Die Parasiten existierten wohl schon vor mehr als 65 Millionen Jahren. Demnach hätten sich auch Vögel und Säugetiere früher entwickelt als gedacht

London. Hatte schon der T. Rex Läuse? Der gewaltige Raubsaurier aus der Gruppe der Theropoda lebte am Ende der Kreidezeit - und schon damals, also vor dem großen Massensterben der Dinosaurier vor rund 65 Millionen Jahren, existierten womöglich auf Vögel und Säuger spezialisierte Läuse, wie ein internationales Forscherteam im Fachblatt "Biology Letters" berichtet.

Bisher waren Evolutionsforscher davon ausgegangen, dass Vögel und Säuger - die Wirte der Parasiten - sich erst entwickelten, nachdem eine Katastrophe - vermutlich ein Meteoriteneinschlag und Vulkanausbrüche - das Ende der Dinosaurier eingeläutet hatte.
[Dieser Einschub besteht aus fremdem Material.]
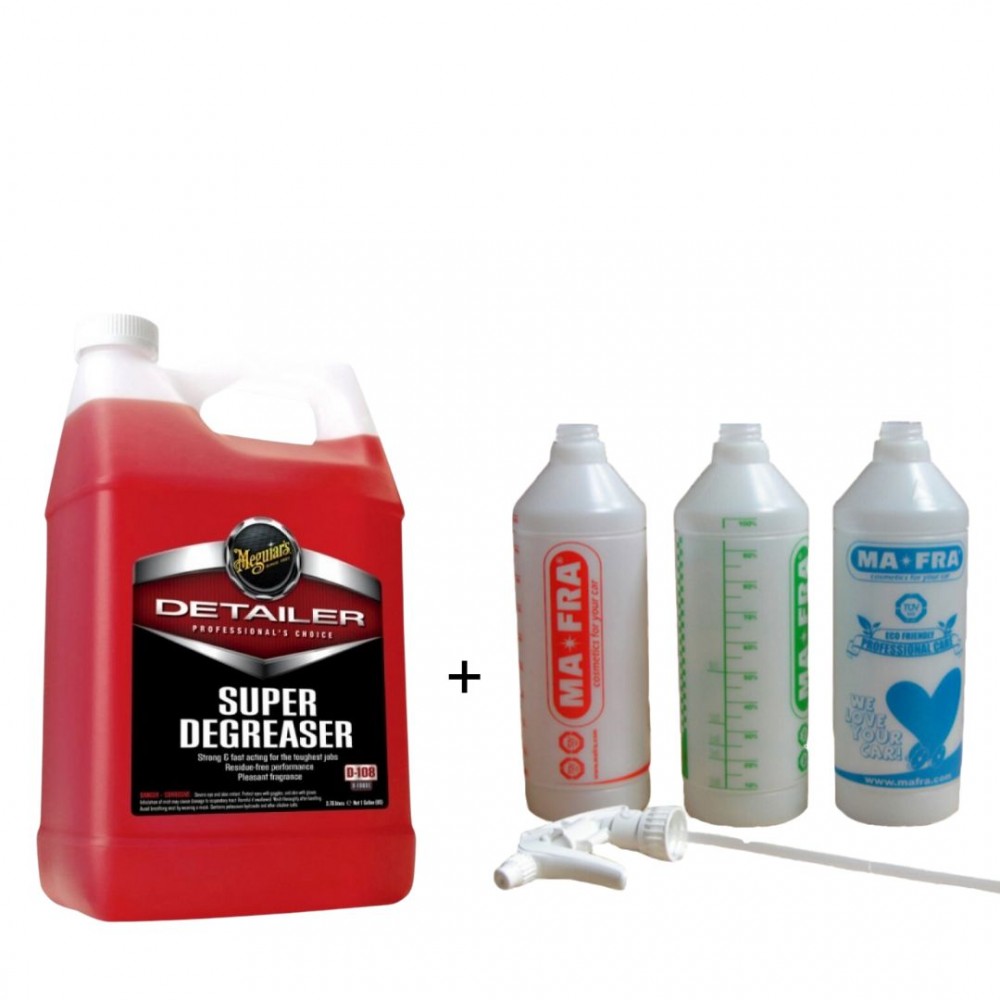 Super Degreaser + Pulverizator manual - pac8 -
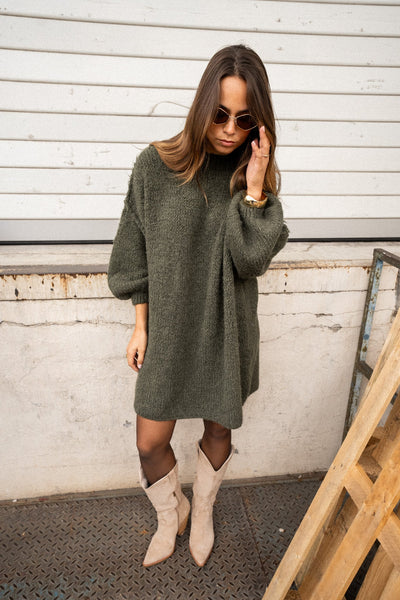 ROBE PULL AGATHE - ROBE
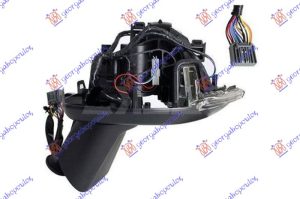 RETROVIZOR (SAMO KUCISTE) ELEKTRICNI SA GREJACEM (MIGAVAC) (7 PIN) LEVO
Die neuen Erkenntnisse deuten nun nicht nur darauf hin, dass Vögel und Säuger möglicherweise schon lange vor dem Aussterben der großen Echsen eine gewisse Vielfalt erreichten, sondern auch, dass die Dinosaurier selbst unter Läusen zu leiden hatten.

"Läuse sind lebende Fossilien", schreibt der Erstautor der Studie, Vincent Smith vom Naturkundemuseum in London. "Das Archiv unserer Vergangenheit spiegelt sich in diesen Parasiten, daher kann man sie als Wegzeichen für unsere Entwicklung nutzen."

Smith hatte mit seinen Forscherkollegen die DNA-Sequenzen der Gene von 69 heutigen Läuse-Abstammungslinien verglichen und aus den Unterschieden einen - wenn auch nur sehr unvollständigen - Familienstammbaum erstellt. Unterschiede in Gensequenzen zeigen relativ verlässlich an, ob verschiedene Arten eher eng oder weit entfernt miteinander verwandt sind. Dabei gilt: Je größer die Unterschiede, desto weiter entfernt die Verwandtschaft - und desto länger zurück liegt die Zeit, in der sich der bei einem gemeinsamen Vorfahren beginnende Stammbaum verzweigte.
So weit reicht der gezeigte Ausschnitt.